Question

Rectangle ABCD has vertices at A(-1,1), B(2,1), C(2,-5), and D(-1,-5). What is the perimeter of rectangle

Answer 1

Answer:

The perimeter of the rectangle is 18 units.

Step-by-step explanation:

The image included below presents the location of the points on the Cartesian plane. From Geometry we get that the perimeter ($p$), dimensionless, of the rectangle is the sum of its four sides. That is to say:

$p = AB+BC+CD+DA$ (1)

Where $AB$, $BC$, $CD$ and $DA$ are the sides of the rectangle, dimensionless.

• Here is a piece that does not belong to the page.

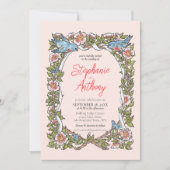 Rosa Rose & Love Bird Pastel Border Wedding Einladung (Vorderseite)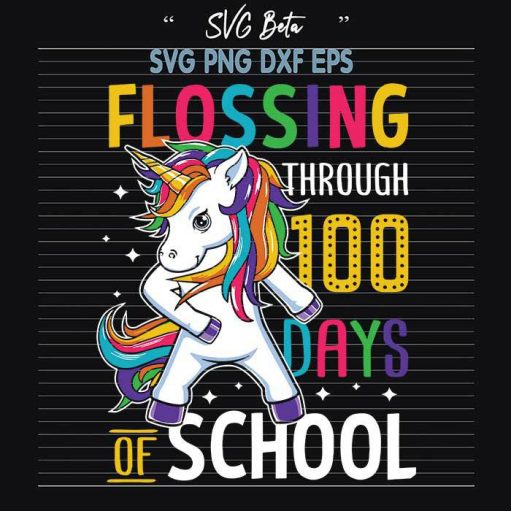 Flossing through 100 days school svg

Each side value is found by means of the Pythagorean Theorem:

$AB = \sqrt{[2-(-1)]^{2}+(1-1)^{2}}$

$AB = 3$

$BC = \sqrt{(2-2)^{2}+[(-5)-1]^{2}}$

$BC = 6$

$CD = \sqrt{(-1-2)^{2}+(5-5)^{2}}$

$CD = 3$

$DA = \sqrt{(-1-1)^{2}+[1-(-5)]^{2}}$

$DA = 6$

And the perimeter of the rectangle is:

$p = 3+6+3+6$

$p = 18$

The perimeter of the rectangle is 18 units.